Bernard Turle is the official French translator of T.C. Boyle, Peter Ackroyd, Rupert Thomson, and André Brink. He is also currently working on translations of V.S. Naipaul and Alan Hollinghurst. In Diplomat, Actor, Translator, Spy (Le Traducteur-orchestre; tr. from the French by Dan Gunn, 2013), we get Turle’s experienced technical and personal views on translation. This being part of the magnificent Cahiers Series, the book itself is a thing of beauty. Mixed with Turle’s text about translation, which comes to us translated by Dan Gunn, are various images from old Super-8 reels filmed by Gunn’s father between 1958 and 1963, the year Gunn’s father died. The result is a personal work of art about translation from two translators.
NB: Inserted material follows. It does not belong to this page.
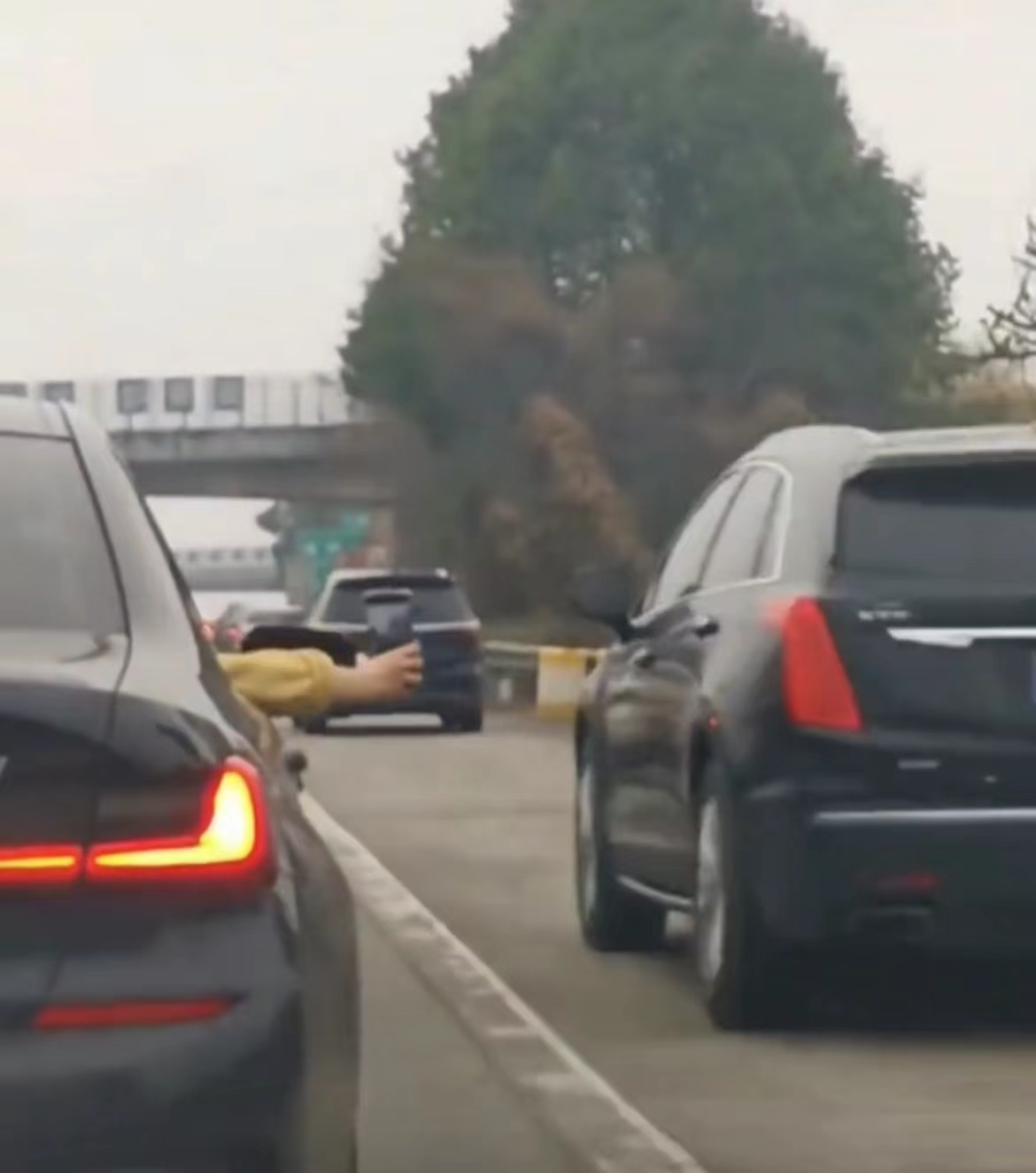 高速应急车道违章拍照举报,高速上占用紧急停车道拍视频举报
Besides enjoying literature in translation, I’m also fascinated by the art of translation itself. I’ve interviewed a couple of translators on this blog and learn a lot about literature and language when I read about their work (you can read my interview with Chris Andrews here and with Margaret B. Carson here). I recently began my first (and, who knows, maybe last) attempt to translate something from Brazil. I love it.
In this book, Turle writes about various themes about translation and has organized his topics by alphabetical headings: Alphabet, Bulimia, Competition Contradiction, Diplomat, Espionage, etc. Sometimes he talks about his childhood, about the events that either show why his personality attracted him (or, at least, suited him) to translation. For example, tolerance and passivity, which can be seen by some as flaws:
One day an Indian friend declared that he had never encountered anyone more tolerant than me. A political opponent once told me, ‘Dialogue is possible with you’. I am said to have an ‘open mind’ (too open perhaps). My parents used to complain that I was overly given to turning the other cheek, my partners that I tended to accept too much stick. I have been accused of being a chameleon, of letting others trample over me, even sometimes of having betrayed my camp by according too much credence to the opposing side. A journalist friend who looked over the first book that I wrote myself (rather than translated) told me she regretted it contained so many different voices: ‘Publishers wish to hear a single voice in a book, that of the author’. At Jussieu, my university in Paris, an essay came back from one of my professors with the comment: ‘You either really know your stuff or you are a masterful forger’. I neglected to confirm that the second hypothesis was the correct one: I turned it into my profession.
This passage shows that, even though this is a book about the art of translation, it is also — perhaps primarily — a personal, introspective look at the makings of an artist. Even when Turle is talking about the stages of translating a book, as he does in the section “Line of Beauty,” we get a sense of the artist’s personal interaction with a text, from the first stage when he scans the novel “to verify our compatibility” to the “bitter delight” of seeing the book published and independent. It’s a romance, a process by which one can map ones life.
Turle also speaks about some of the perhaps unexpected hurdles of translating from the English to the French, not the least of which is gendered pronouns as used in the non-gendered English and the heavily-gendered French. And perhaps this is more of a gripe than a hurdle, but Turle takes a few jabs at the “Physical, All Too Physical” nature of English writing: “Writers in English tend to pepper their pages with details about the material world that are best left out of French — details that translators would gladly do without at least, and with which, rightly or wrongly, they grow impatient. [. . .] so many ‘high-backed’ chairs in English novels, but dammit, in everyday life how many chairs have low backs?” He goes on to explain what he considers to be a fundamental difference between English and French writing, something I’d love to explore more:
In short, description in English is physical, where French tends to privilege the mind. Add to this the impression one sometimes gets, that English-language authors have so far integrated the commercial supremacy of the cinema that they are writing screenplays rather than novels, already prompting the actors in the film to be drawn from their book . . .
This edition comes with another little booklet that contains Turle’s text in the original French. This is another touch that allows us, as we think about translating, to see how Gunn himself translated the French into English, what choices did he make, where did he have to add an editorial comment, as he does in the section simply titled “X.” The original French reads simply: “Un traducteur est un auteur né sous x.” Or, in English, “A translator is an author delivered under x.” Fortunately for me, Gunn adds a brief paragraph before this statement that explains this reference to a bit of French legislation. The translation of the title itself — from Le Traducteur-orchestre to Diplomat, Actor, Translator, Spy — shows an artistic choice.
All of these interesting bits aside for a moment (though I recommend the book for them alone), what I keep coming back to when I think of this little book, what sticks in my mind, is the highly personal feel. I don’t simply mean personal views. I mean the introspection, the strange way that this little book about translation touches on existence, on life and death.